Data Facts Lending Solutions Blog

4 Mistakes That Can Turn A Mortgage APPROVAL Into A Mortgage DENIED

by Jennifer Hamby

Oct 3, 2014 7:55:00 AM


Once you find the perfect home, secure financing, and sign the contract, you may be ready to pop open some champagne and start picking out curtains. Be careful, though. There are several mistakes you may make as a would-be homeowner that will derail a closing or drive your interest rate higher.

1. Change in job status

Mortgage lenders want stability, and if you show them you're changing jobs at such an important time in your life, they may think your financial status is unstable, and think twice about offering you a mortgage.

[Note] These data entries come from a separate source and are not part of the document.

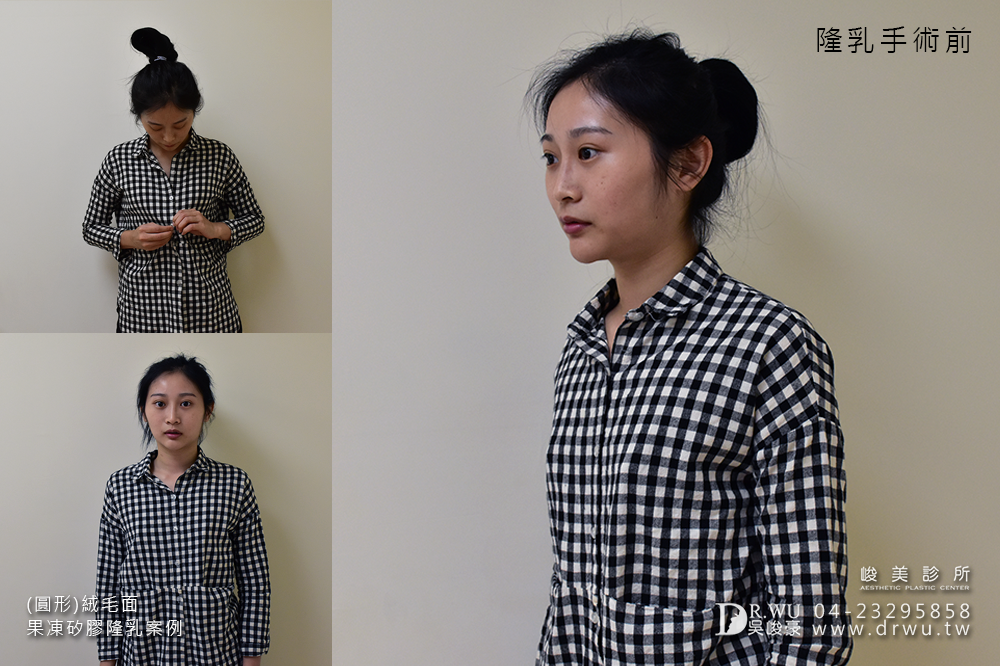 【隆乳案例】加厚型調整型內衣通通丟掉,美美的胸型免按摩~|台中隆乳手術|峻美診所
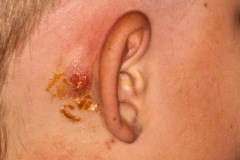 Mastoid abscess fistula, young boy, R ear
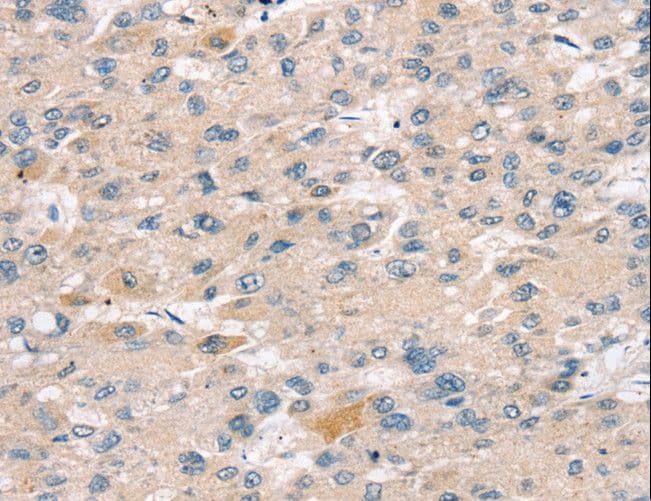 SULT2B1 / Sulfotransferase 2B1 Antibody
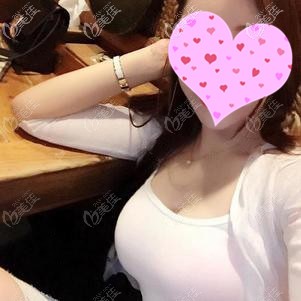 聂志宏医生为我做假体隆胸手术效果 聂志宏医生为我做假体隆胸手术效果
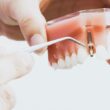 tymczasowa proteza na jednego zęba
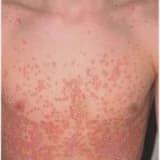 Püstüllər Psoriasis (Psoriasis Pustulosa): Klinik Şiddəti və Müalicə Yolları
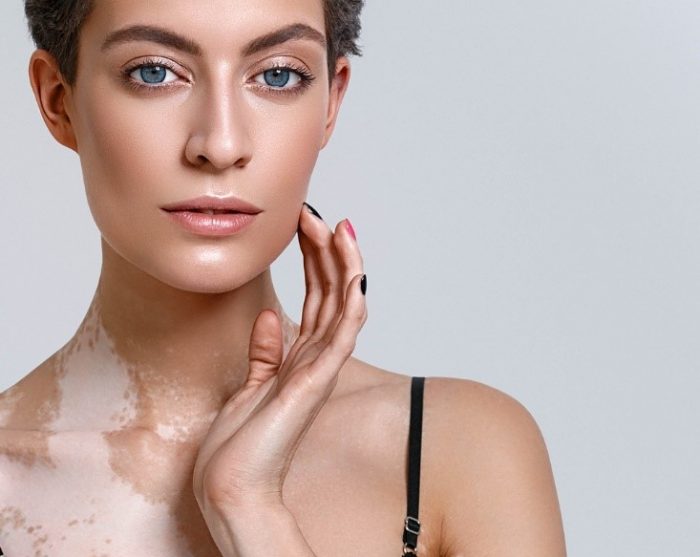 Причины появления пигментных пятен на коже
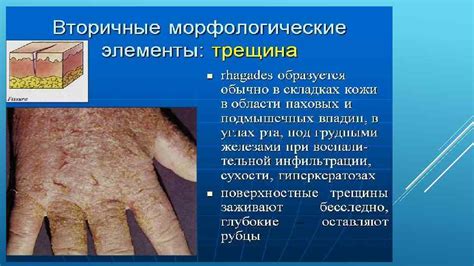  Физиологические особенности кожи мужчин 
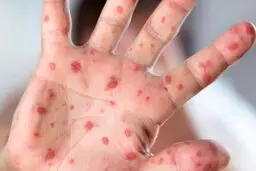 ابتلای ۹۶ نفر به سرخک در کشور | وزارت بهداشت: تزریق واکسن ضروری است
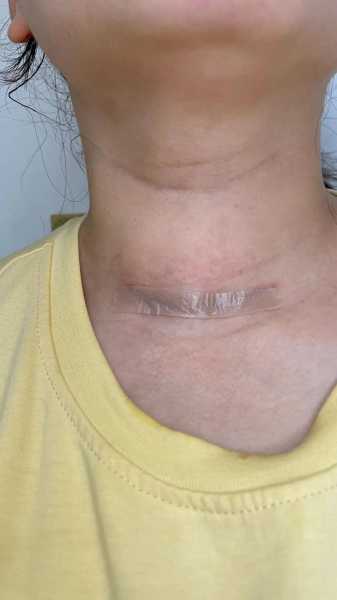 甲状腺结节多发需要治疗吗，什么叫多发性甲状腺结节严重吗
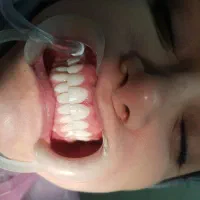 استخدام در مطب دندانپزشکی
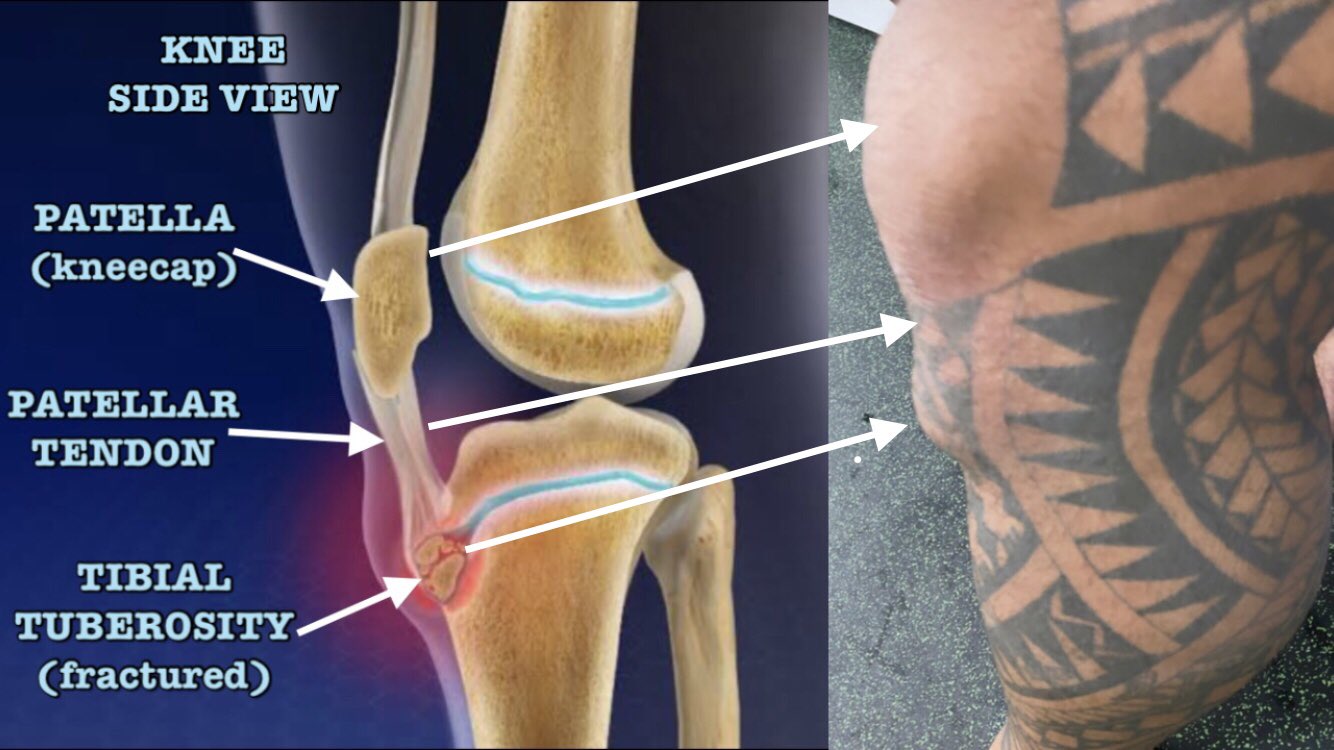 NRL PHYSIO on Twitter: "Complex knee injury for Addin Fonua-Blake. Will  require surgery &amp; 4 months recovery after suffering a tibial tuberosity  fracture, damage to his extensor mechanism &amp; a PCL injury.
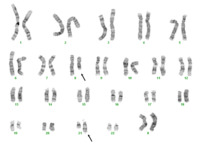 Acute-myeloid-leukemia-with-the-t821q2222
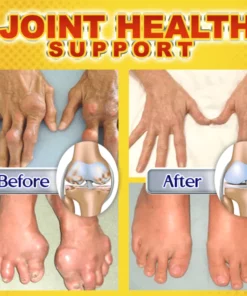 Alternative view of Seurico™ Joint & Bone Therapy Bee Venom Treatment Gel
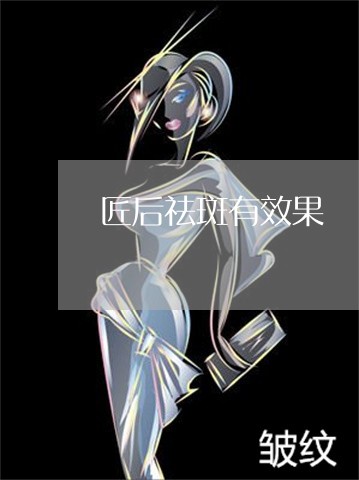 匠后祛斑有效果 匠后祛斑有效果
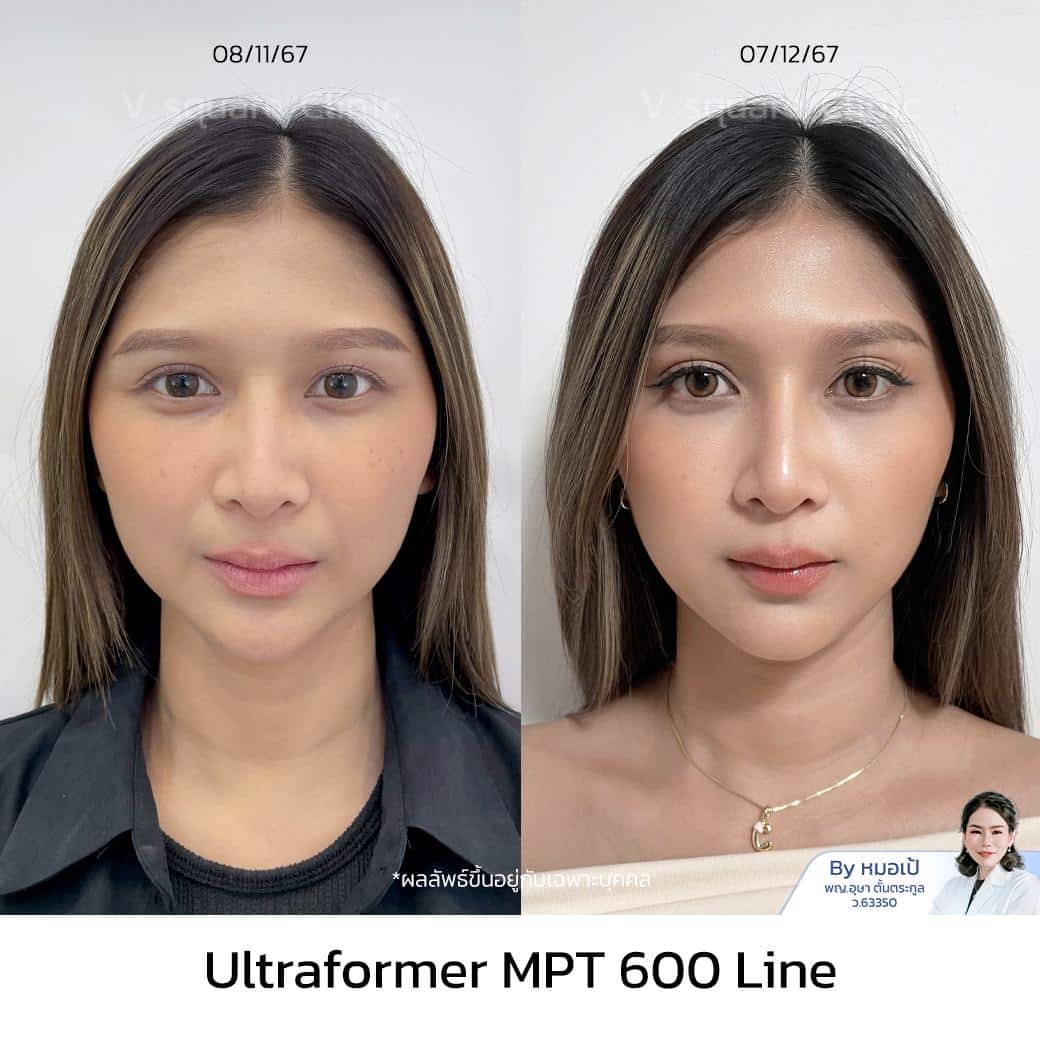 รีวิวผลลัพธ์ Ultraformer MPT_พี่ครีม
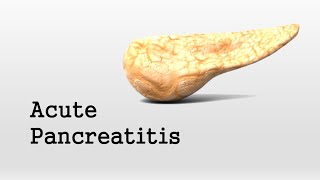 Acute Pancreatitis [upl. by Giacamo]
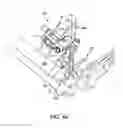 Fig. 41 - Ankle replacement system and method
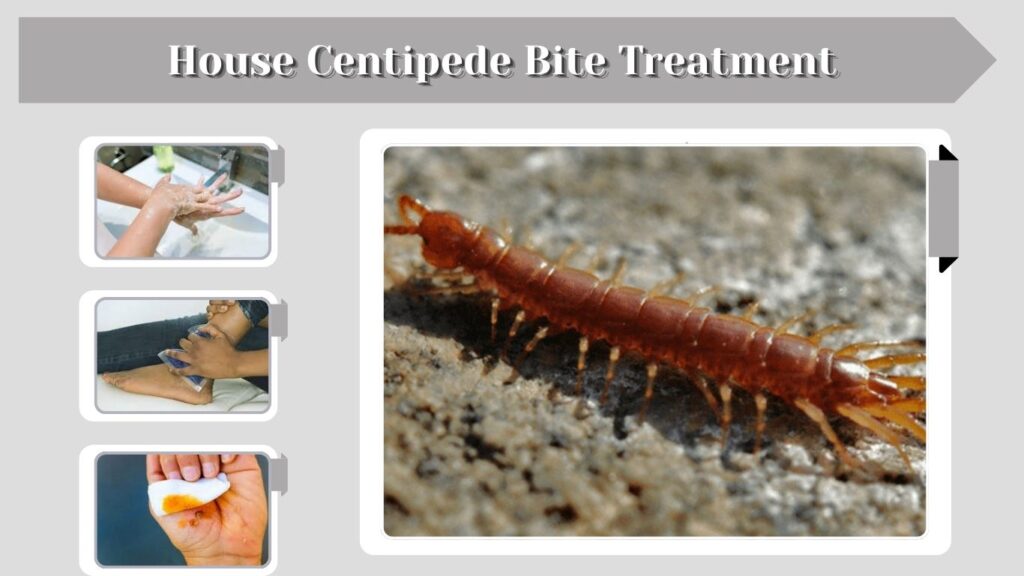 House Centipede Bite Treatment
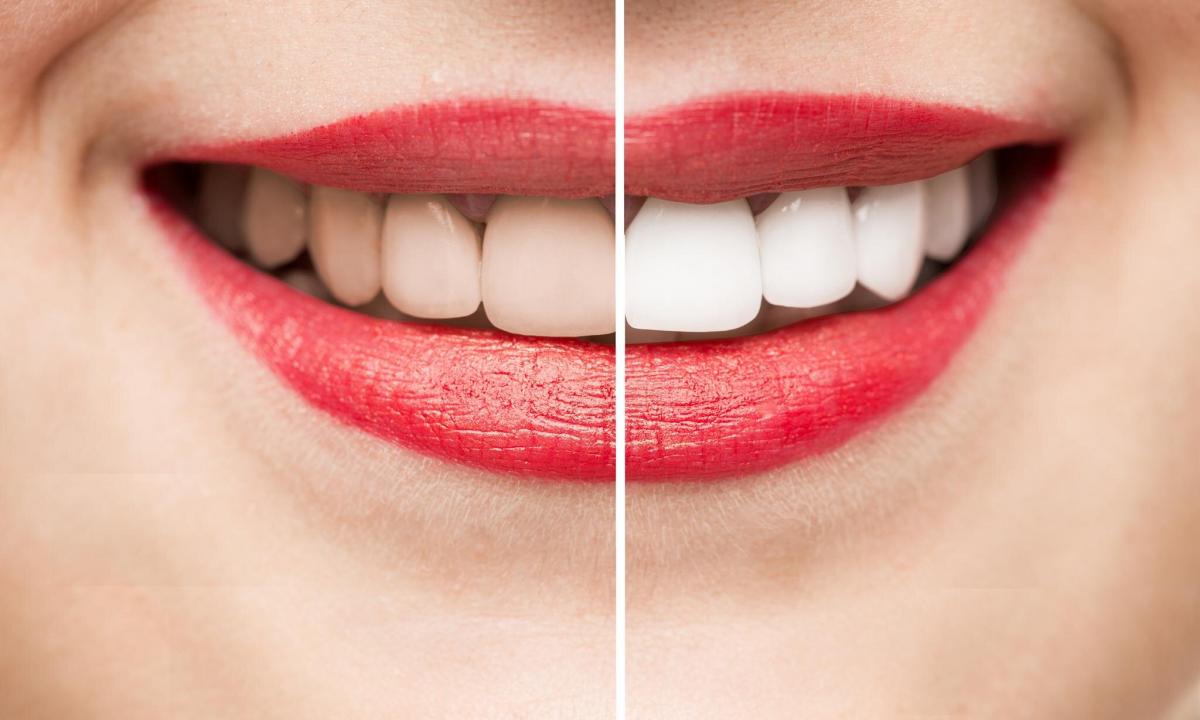 How to achieve snow-white smile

A change in job status from part time to full time is fine, but not the other way around.  Going from employee to contractor, or salary to commission, is just not a good move.

If you're moving to a better job with a higher salary, the change won't torpedo your closing, but it still might delay it.  You will still be required to show new paystubs, even if you're moving to a much better job. 

Changing positions within the same company is not likely to raise red flags as long as your salary doesn’t decrease.


2. Making late payments of any kind.

Payment history makes up 35% of your credit score.  It is the single most important factor in calculating score.  Missing a payment, forgetting a payment, or just not making a payment during this time could cause serious problems.  Just 1 late payment could dramatically decrease your score and make you ineligible for a loan. 


3. Having too many unnecessary credit inquiries

Every time a lender makes a credit inquiry — when they pull your credit report — it affects your score.   Historically increased inquiries equates to increased risk, which is why this is a component in FICO’s credit score calculation.  If you're moving into a new home, you may be more tempted to apply for store credit cards to save 10% to 20% on expensive items such as linens, furniture, and home décor, but don’t do it!


4. Taking on debt

The amount of debt you carry makes up 30% of your credit score.  It is almost as important as payment history.  I know it is tempting to get a new car to park in the drive of your new home, or the “no payment/no interest” furniture specials to fill your beautiful new home, but this increase in debt could also decrease your credit score.  Furthermore your mortgage approval was also based on a debt to income ratio.  These new purchases could throw that out of whack, ruining your chances for that new home.  Wait until after the loan is completed before you go shopping for these major purchases.

Remember, when you apply for a mortgage, the first credit check your lender runs won't be the last. Another credit check is performed just before you close. If there are negative changes in your credit score, you could be saying goodbye to your dream home before you ever put the key in the door.